April 30, 2004

The Doves

When I was little, (don’t ask how little because I am not sure, let’s just say somewhere around ten years old or so,) I found a dove that had an encounter with the business end of a peashooter. He didn’t look that bad off, but he was definitely not feeling well, so I picked him up and took him home.(Dove)

When I got home I showed the dove to the one person I knew who could fix anything, my father. He checked the dove over, and told me that the he had indeed taken a hit to the head and was a little disoriented but that he should be fine. He said it was probably because of the head injury that the dove couldn’t fly, and that it may or may not fly again soon, and that either way it was up to us to keep him safe and comfortable.

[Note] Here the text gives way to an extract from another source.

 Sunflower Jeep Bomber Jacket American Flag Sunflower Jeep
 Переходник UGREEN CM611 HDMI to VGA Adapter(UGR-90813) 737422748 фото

My dad is an engineer, and can design and build ANYTHING at the drop of a hat. He took off his sports coat, lead me and my new friend out to the garage, and in the time it took most fathers to crack a beer and scratch their ass he had built a makeshift birdcage out of an old orange crate he had been using to hold some even older electrical parts. He did a good job too. He covered the front with chicken wire, and cut a large hole in the back of the crate, which he covered with a door that slid up and down. He cut smaller holes in each side, and pushed a piece of dowel through it so the bird had a place to perch. He then affixed an eyebolt to the top of the new cage, and we hung it off of an eve of his greenhouse. It was amazing.

That weekend my father built the most awesome birdcage for my dove. It measured probably two and a half to three feet deep by maybe four feet long and three feet high. It had a pitched roof with chicken wire around three sides and the back covered by wood. The floor was ¼ inch mesh wire, and it had three dowels for perches. It was a dove mansion. I thought my dove might be lonely, so I bought two more to keep him company from a local feed and seed store. They all got along swimmingly. They got along so well they even had eggs!

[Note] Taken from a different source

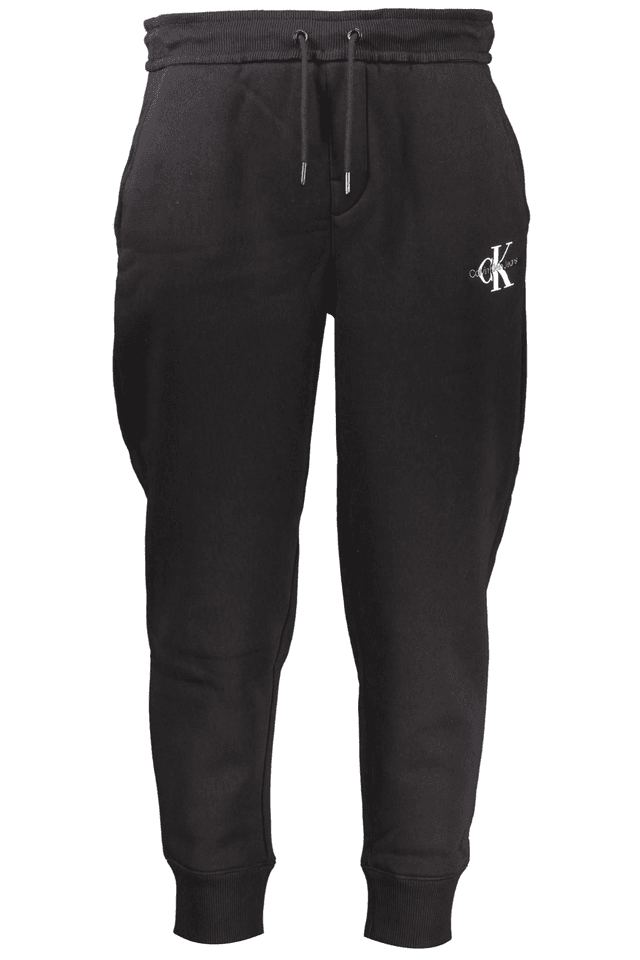 6404CALVIN KLEIN PANTALONE UOMO NERO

When the first clutch was laid, my dad modified the cage by adding a nesting box to the back. It was of the same design as the door on the first cage; the nesting box slid on the back of the cage over a large hole big enough for the doves to enter. We provided nesting material, and moved the clutch of eggs into the box.

Unfortunately, the first bunch of eggs died, but there were others and the survival rate must have been about 90%. Soon I was in the dove business. When the baby’s grew into young birds old enough to leave the nest, I took them to the feed-and-seed and sold them for a buck. I can’t remember how long we had the birds, but it was at least a few years. I remember the cooing noise they would make in the morning, and the weird weeds that would grow under their cage from the birdseed. (I later discovered that there was a low-grade variety of hemp that grew out of that birdfeed mix. My first marijuana crop!)

The old greenhouse is long gone, as are the cage and the doves, but fond memories remain with me of the compassion my father showed for those birds, and the love he demonstrated for his son by being late for his job because he had to build a bird cage for a injured dove his kid found.